With the new IRS relief, you now also qualify for coronavirus-related distributions if you experience adverse financial consequences because

  • you, your spouse, or a member of your household has a reduction in pay or self-employment income due to COVID-19;
  • you, your spouse, or a member of your household has a job offer rescinded or a start date for a job delayed due to COVID-19;
  • your spouse or a member of your household is quarantined, is furloughed or laid off, or has work hours reduced due to COVID-19;
  • your spouse or a member of your household is unable to work due to lack of childcare due to COVID-19; or
  • your spouse or a member of your household owns or operates a business that closed or reduced hours due to COVID-19.

Household

For purposes of applying the additional factors, a member of the individual’s household is someone who shares the individual’s principal residence.

Merriam-Webster defines a household as

  • those who dwell under the same roof and compose a family, and
  • a social unit composed of those living together in the same dwelling.
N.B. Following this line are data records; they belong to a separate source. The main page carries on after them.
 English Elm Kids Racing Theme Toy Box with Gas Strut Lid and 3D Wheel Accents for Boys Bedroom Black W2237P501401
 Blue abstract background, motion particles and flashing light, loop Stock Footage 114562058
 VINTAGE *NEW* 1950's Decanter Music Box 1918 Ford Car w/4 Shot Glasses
You have to think roommates living together create a household, and if one of them is affected by COVID-19—say, lost his or her job and stopped contributing to the rent—the remaining roommates were adversely affected and should be entitled to the IRA grab-and-repay strategy.

Your Repayment Options

You have many repayment options, as we explain below. To make this easy, let’s say you grab $30,000 from your IRA today and you want to know how you can repay the $30,000 with no taxes or penalties. Here are five scenarios:

Scenario 1. You repay the $30,000 before you timely file your 2020 tax return:

  • You don’t include any of the $30,000 in income on your 2020 tax return. You pay no taxes or penalties.
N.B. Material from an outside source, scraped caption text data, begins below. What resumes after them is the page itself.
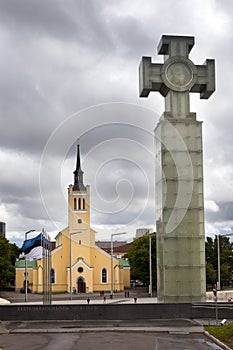 Freedom monument , is devoted to Emancipating war and St. John's Church, 1860 on Freedom Square. Tallinn, Estonia.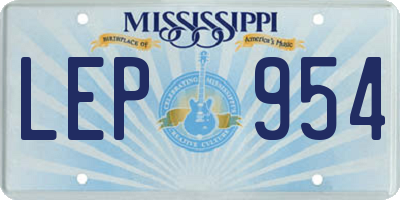 MS license plate LEP954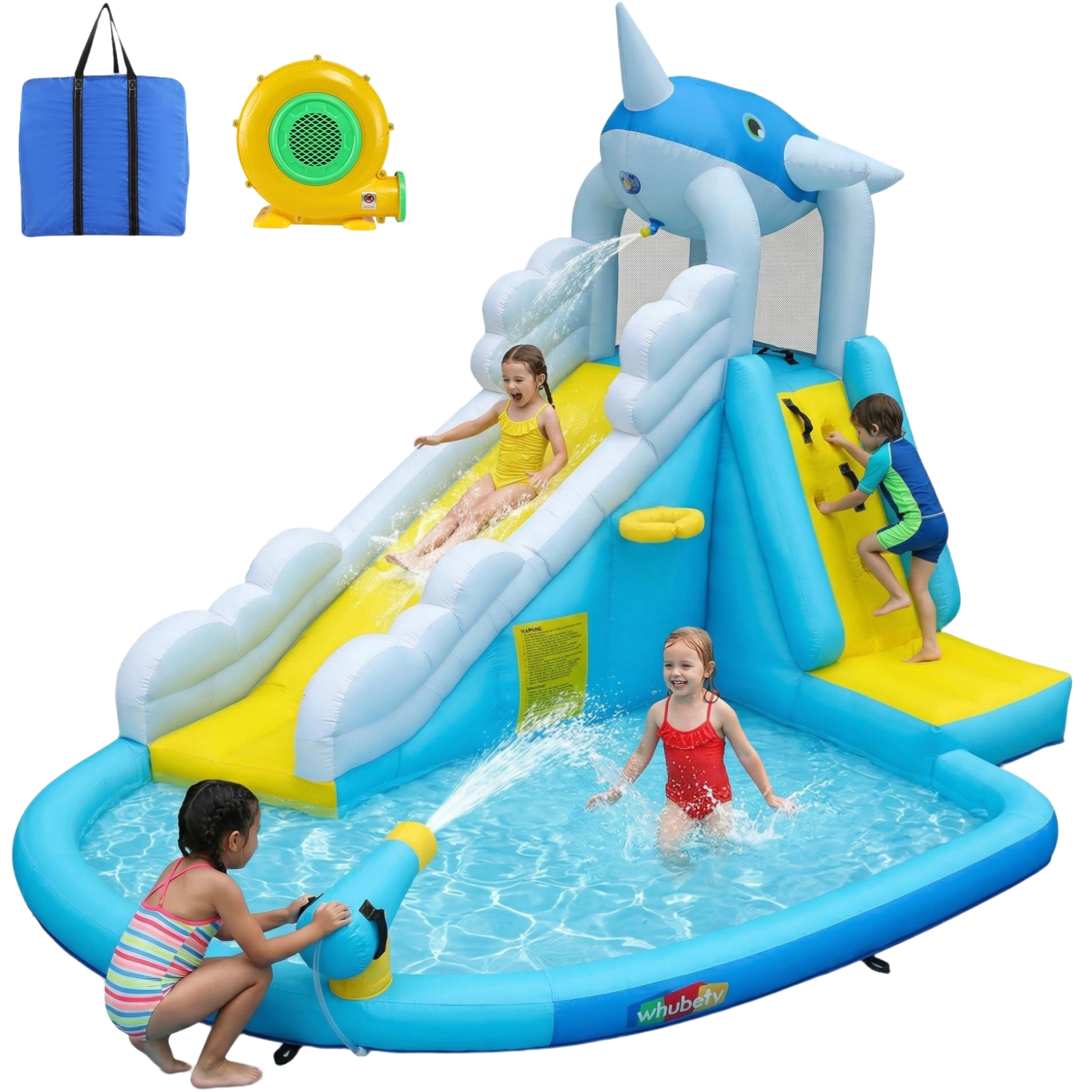 thumbnail video image 2 of Adnoom Inflatable Water Slide with 480W Blower, Bounce House for Kids Backyard, Bouncy Castle with Large Pool/Basketball Hoop, Inflatable Water Park with Whale Water Slide/Climbing Wall/Water Cannon, 2 of 10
Scenario 2. You elect to include all $30,000 as income on your timely filed 2020 tax return, but then repay the full $30,000 sometime between filing the 2020 return and July 15, 2023:

  • You amend your 2020 tax return to remove the $30,000 from income and claim a refund of tax paid on that amount.

Scenario 3. You include $10,000 as income on your timely filed 2020 tax return, but then repay the full $30,000 sometime between filing the 2020 return and July 15, 2023:

  • You claim $10,000 of income on your original 2020 tax return, and
  • You later amend your 2020 tax return to remove the $10,000 from income and claim a refund of tax paid on that amount.

Scenario 4. You include $10,000 as income on your timely filed 2020 tax return, but then decide to repay $10,000 of the total $30,000 distribution, which you do on March 1, 2022:

  • You claim $10,000 of income on your 2020 tax return,
  • You claim no income on your 2021 tax return (because you made the $10,000 repayment prior to filing the return), and
  • You claim $10,000 of income on your 2022 tax return.

Scenario 5. You include $10,000 as income on your timely filed 2020 tax return, but then decide to repay $20,000 of the total $30,000 distribution, which you do on November 1, 2021. This one is tricky because you have two ways to do it:

  • You claim no income from the distribution on either your 2021 or 2022 tax return, or
  • You claim $10,000 of income on your 2022 tax return and amend your 2020 tax return to remove the $10,000 from income and claim a refund of tax paid on that amount.

As you can see, you have many options to repay or not when it comes to taking up to $100,000 from your retirement plan.